_Task goal_
From the listing below, pull each line that includes "image".

BEGIN

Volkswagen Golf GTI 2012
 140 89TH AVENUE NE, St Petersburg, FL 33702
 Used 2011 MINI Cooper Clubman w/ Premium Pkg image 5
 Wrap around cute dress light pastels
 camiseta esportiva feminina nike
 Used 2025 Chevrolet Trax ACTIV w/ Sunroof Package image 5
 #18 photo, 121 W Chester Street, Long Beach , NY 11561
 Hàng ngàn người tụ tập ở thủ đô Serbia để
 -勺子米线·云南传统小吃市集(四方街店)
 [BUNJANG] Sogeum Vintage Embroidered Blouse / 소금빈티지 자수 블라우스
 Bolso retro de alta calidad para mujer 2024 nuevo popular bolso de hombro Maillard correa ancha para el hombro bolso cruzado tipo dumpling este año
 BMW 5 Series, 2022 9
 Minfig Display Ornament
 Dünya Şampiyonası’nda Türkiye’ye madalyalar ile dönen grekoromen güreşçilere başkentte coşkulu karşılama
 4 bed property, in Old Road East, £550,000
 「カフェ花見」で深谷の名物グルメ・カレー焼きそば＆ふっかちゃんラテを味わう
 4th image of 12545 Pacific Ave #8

END

_Your solution_
 Used 2011 MINI Cooper Clubman w/ Premium Pkg image 5
 Used 2025 Chevrolet Trax ACTIV w/ Sunroof Package image 5
 4th image of 12545 Pacific Ave #8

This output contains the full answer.